Quantum State System — N states with probabilistic collapse vs superposition
5 Built-in Presets — Subtle through Extreme quantum density
Uncertainty Principle — Time-amplitude coupling via Gaussian distributions
Superposition States — Multiple substates per quantum state when not collapsed
Stereo Independence — Different random parameters per channel for width
Adaptive Decay — State-dependent amplitude decay (early states louder)
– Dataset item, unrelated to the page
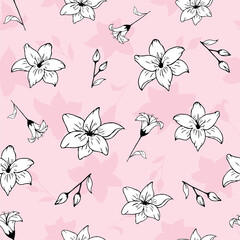 Hand drawn black and white lily flower seamless pattern in cute doodle style on pink background. Vector illustration for fabric, baby girl, woman, textile, wrapping paper and more.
What is quantum-inspired reverb? Traditional reverb: Fixed delay taps (algorithmic), impulse responses (convolution), feedback networks (Schroeder), spring/plate emulation. Quantum reverb: Probabilistic delay generation inspired by quantum mechanics — specifically Heisenberg uncertainty principle (ΔE·Δt ≥ ℏ/2) translated to audio domain as time-amplitude coupling. Key differences: (1) Non-deterministic: Each processing run generates different reflection patterns (randomGauss calls). (2) Statistical density: Control via probability distributions rather than fixed taps. (3) Superposition: States can exist as multiple simultaneous reflections. (4) Collapse threshold: Probability determines single vs multi-path states. (5) Coupled parameters: Greater time uncertainty enforces greater amplitude precision. Use cases: Experimental sound design (non-repeating textures), generative music (algorithmic variation), teaching quantum concepts through audio, creating "living" reverbs that evolve probabilistically. Not physically accurate quantum simulation — conceptual metaphor applied to delay networks.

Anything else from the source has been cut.